Homesteaders

This year is meat chickens being added to the eggs and garden. One step at a time is all we can take. I have 2 autistic children so even small changes are tough. However all changes are nesacery. The food industry today puts very strange things in what they expect us to eat. I'm not interested in cereal with rainbow marshmallows or fake apple flavor. I want chemicals out of the diets . So we started with veggies since they take very little space, to start now it's rather big. Then eggs for the pure protien next chicken for clean meat. Next year is 2 cows, 1 meat 1 dairy. The next year who knows.

I plan on adding wheat and other grain to my food plots this year I just have to find it.
 
This year is meat chickens being added to the eggs and garden. One step at a time is all we can take. I have 2 autistic children so even small changes are tough. However all changes are nesacery. The food industry today puts very strange things in what they expect us to eat. I'm not interested in cereal with rainbow marshmallows or fake apple flavor. I want chemicals out of the diets . So we started with veggies since they take very little space, to start now it's rather big. Then eggs for the pure protien next chicken for clean meat. Next year is 2 cows, 1 meat 1 dairy. The next year who knows.

I plan on adding wheat and other grain to my food plots this year I just have to find it.
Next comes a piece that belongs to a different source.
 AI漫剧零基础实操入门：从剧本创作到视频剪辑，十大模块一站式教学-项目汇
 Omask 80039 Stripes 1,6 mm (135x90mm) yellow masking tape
Dairy is a someday goal. It is a big job, but we figure we would make it more doable by keeping the calf on the cow when we are not milking.
Still I would love to do it. I saw a presentation on making cheese, would love to get into something like that.
 
Google local organic grain elevators, We have one that is only an hour away from us, the Grain Place. It really does not take much wheat to make enough flour for your family, and it is easily reseeded for next year, so buy once and you should be done.
 
We go through so much milk and cheese that alone is worth the cost of the start up. Not because it will save money exactly but because it's fresh and I know what is in it. Eventually it will save money.
 
We go through so much milk and cheese that alone is worth the cost of the start up. Not because it will save money exactly but because it's fresh and I know what is in it. Eventually it will save money.
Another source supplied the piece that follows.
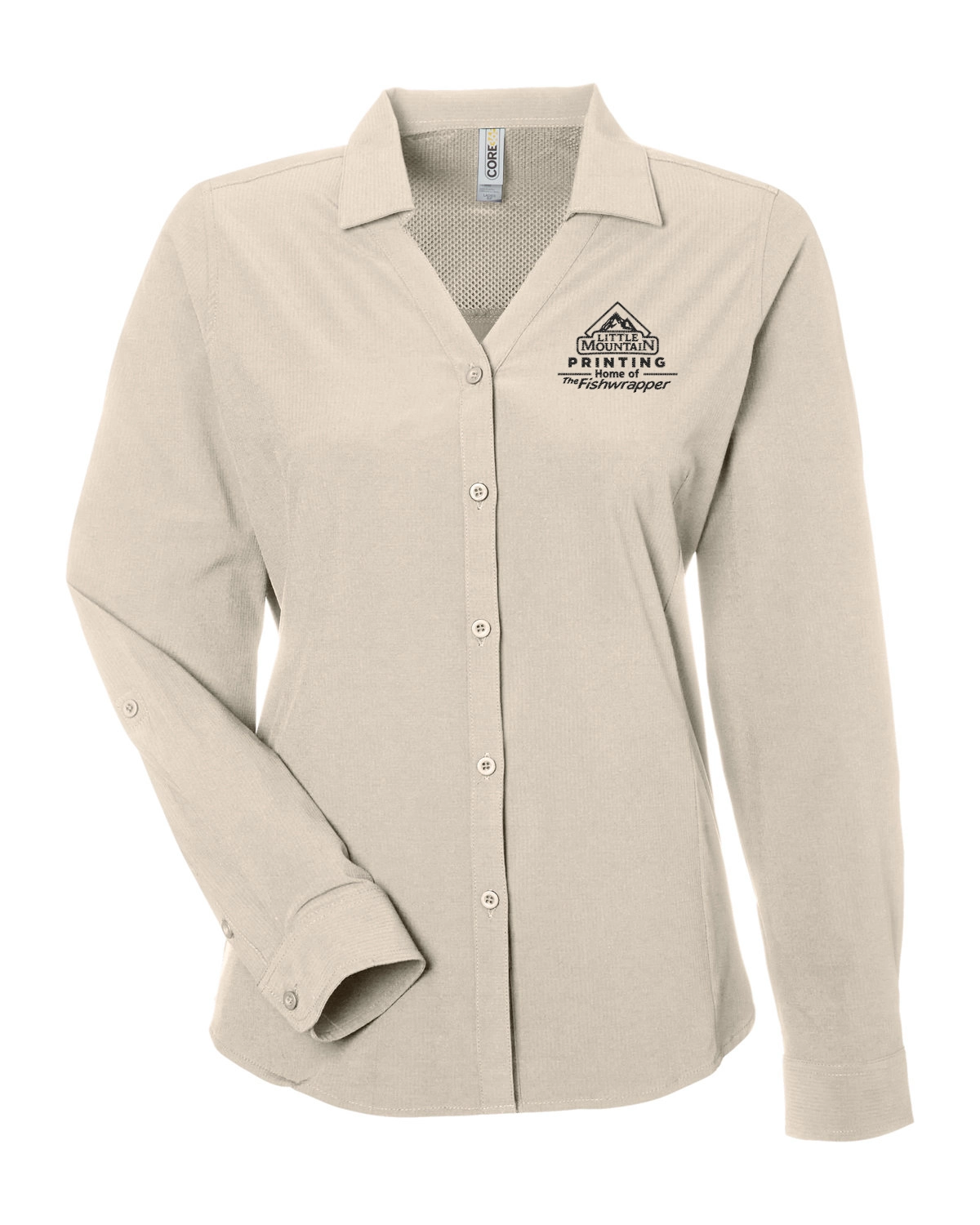 Variant Image for CE510LW  - CORE365 Ladies' Ultra UVP® Long-Sleeve Marina Shirt - LMP - 1 Color - Black - Website Little Mountain Printing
When you factor the price of a gallon of milk that is raw and fresh, your cost drops quickly. But the hay to feed that cow needs to be high quality, you cannot buy just any hay for a milk cow
 
When you factor the price of a gallon of milk that is raw and fresh, your cost drops quickly. But the hay to feed that cow needs to be high quality, you cannot buy just any hay for a milk cow
I plan on doing a search near me for good quality hay. I want my animals to eat good quality so my family can. If I save money on most of my food bill by growing and raising as much as I can the saved money can go into making sure the livestock has good feed. Plus they will have grazing open as long as weather permits each year. We are already researching what to plant to grow the best pasture.
 
How do you process (dry, thresh, etc) your grain?
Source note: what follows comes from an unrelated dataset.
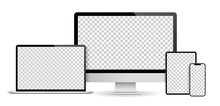 Set Of Smartphone, Tablet, Laptop And Monitor, Blank Screen Mockup. Device Screen Mockup. Vector Illustration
We are a true farm, so with a tractor. We plant it in the fall and harvest it in june (This depends strongly on your spring, a warm dry spring will mean the wheat is ready early, but your output will be low) many farmers double crop their land with wheat and then a fast growing soybean, we do not, we let the land rest. But there is no reason you could not do it by hand, assuming a small field.
We dry it in our bins with DE to keep the insects down until we sell it. The wheat I choose for flour I do freeze and then pick the insects and weed seed out a bit. Learn what Ergot looks like, too much of that is poisonous.
Then we use an electric grinder for our flour.
It truely is easy. Doing it by hand the biggest challenge is Dehusking it, but that should still be doable, I would just look up what the settlers used. The husk does come off if you just rub it between your hands. but that would grow tiresome quickly.
 
The husking is super simple just time consuming. Take a 55 gallon barrel and shake a big handful vigorously until the berries fall. Keep at it until finished. Not hard but not fun either.

That's just one way I found. There are many.